The Evidence that the Restorative Action of Adrenin is Specific
As stated in describing the effects of arterial blood pressure, an increase of pressure is capable of causing a decided lowering of the neuro-muscular threshold after fatigue. Is it not possible that adrenin produces its beneficial effects by bettering the circulation?
Nice and I had argued that the higher contractions of fatigued muscle, that follow stimulation or injection of adrenin, could not be wholly due to improved blood flow through the muscle, for when by traction on the aorta or compression of the thorax arterial pressure in the hind legs was prevented from rising, splanchnic stimulation still caused a distinct improvement, the initial appearance of which coincided with the point in the blood-pressure curve at which evidence of adrenal secretion appeared. And, furthermore, the improvement was seen also when adrenin was given intravenously in such weak solution (1:100,000) as to produce a fall instead of a rise of arterial pressure. Lyman and I had shown that this fall of pressure was due to a dilator effect of adrenin. Since the blood vessels of the fatigued muscle were dilated by severance of their nerves when the nerve trunk was cut, and, besides, as previously stated (see [p. 86]), were being stimulated through their nerves at a rate favorable to relaxation, it seemed hardly probable that adrenin could produce its beneficial effect by further dilation of the vessels and by consequent flushing of the muscle with an extra supply of blood.[3] The lowering of blood pressure had been proved to have no other effect than to impair the action of the muscle (see [p. 103]). Although the chances were thus against an interpretation of the beneficial influence of adrenin through action on the circulation, it was thought desirable to test the possibility by comparing its effect with that of another vasodilator—amyl nitrite.
[Figs. 21] and [22] are curves obtained from the left tibialis anticus muscle. The rate of stimulation was 240 times a minute.
The muscle in [Fig. 21] contracted against a spring having an initial tension of 120 grams, and that in [Fig. 22] against an initial tension of 100 grams. In [Fig. 21], at the point indicated on the base line, 0.4 cubic centimeter of adrenin (1:100,000) was injected into the left external jugular vein. There resulted a fall of 25 millimeters of mercury in the arterial pressure and a concurrent betterment of 15 per cent in the height of contraction, requiring two minutes and fifteen seconds of fatigue (about 540 contractions) before it returned to the former level. In [Fig. 22], at the point indicated by the arrow, a solution of amyl nitrite was injected into the right external jugular vein. There resulted a fall of 70 millimeters of mercury in arterial pressure and a betterment of 4.1 per cent in the height of muscular contraction, requiring fifteen seconds of fatigue (about 60 contractions) to decrease the height of contraction to its former level. In neither case did the blood pressure fall below the critical region (see [p. 104]).[*]
[*] In some cases after injection of amyl nitrite the normal blood pressure, which was high, dropped sharply to a point below the critical region. There resulted a primary increase in muscular contraction due to the betterment in circulation caused by the dilation of the vessels before the critical region was reached. During the time that the pressure was below the critical region the muscle contraction fell. As the blood pressure again rose to normal the muscle contraction increased coincidently.

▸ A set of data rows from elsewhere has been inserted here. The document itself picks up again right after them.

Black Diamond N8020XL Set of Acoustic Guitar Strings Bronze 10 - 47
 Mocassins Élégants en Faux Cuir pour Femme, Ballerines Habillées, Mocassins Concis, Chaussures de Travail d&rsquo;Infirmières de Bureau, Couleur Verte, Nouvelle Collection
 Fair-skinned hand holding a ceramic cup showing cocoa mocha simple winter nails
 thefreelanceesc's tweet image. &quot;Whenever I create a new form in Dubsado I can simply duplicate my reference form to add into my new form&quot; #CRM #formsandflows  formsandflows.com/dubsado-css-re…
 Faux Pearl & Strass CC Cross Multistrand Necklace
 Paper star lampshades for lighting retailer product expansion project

Figure 21.—Top record, blood pressure with mercury manometer. Middle record, contractions of the tibialis anticus muscle 240 times per minute against a spring with an initial tension of 120 grams. Bottom record (zero blood pressure), injection of 0.4 cubic centimeter of adrenin (1:100,000). Time in half minutes.
Figure 22.—Top record, blood pressure with mercury manometer. Middle record, contractions of tibialis anticus muscle 240 per minute against a spring with an initial tension of 100 grams direct load. Bottom record (zero blood pressure), time in half minutes. The arrow indicates the point at which a solution of amyl nitrite was injected.
Although the fall in arterial pressure caused by dilation of the vessels due to amyl nitrite was almost three times as great as that produced by the adrenin, yet the resultant betterment was only about one-fourth the percentage height and lasted but one-ninth the time. In all cases in which these solutions caused an equal fall in arterial pressure, adrenin caused higher contractions, whereas amyl nitrite caused no appreciable change.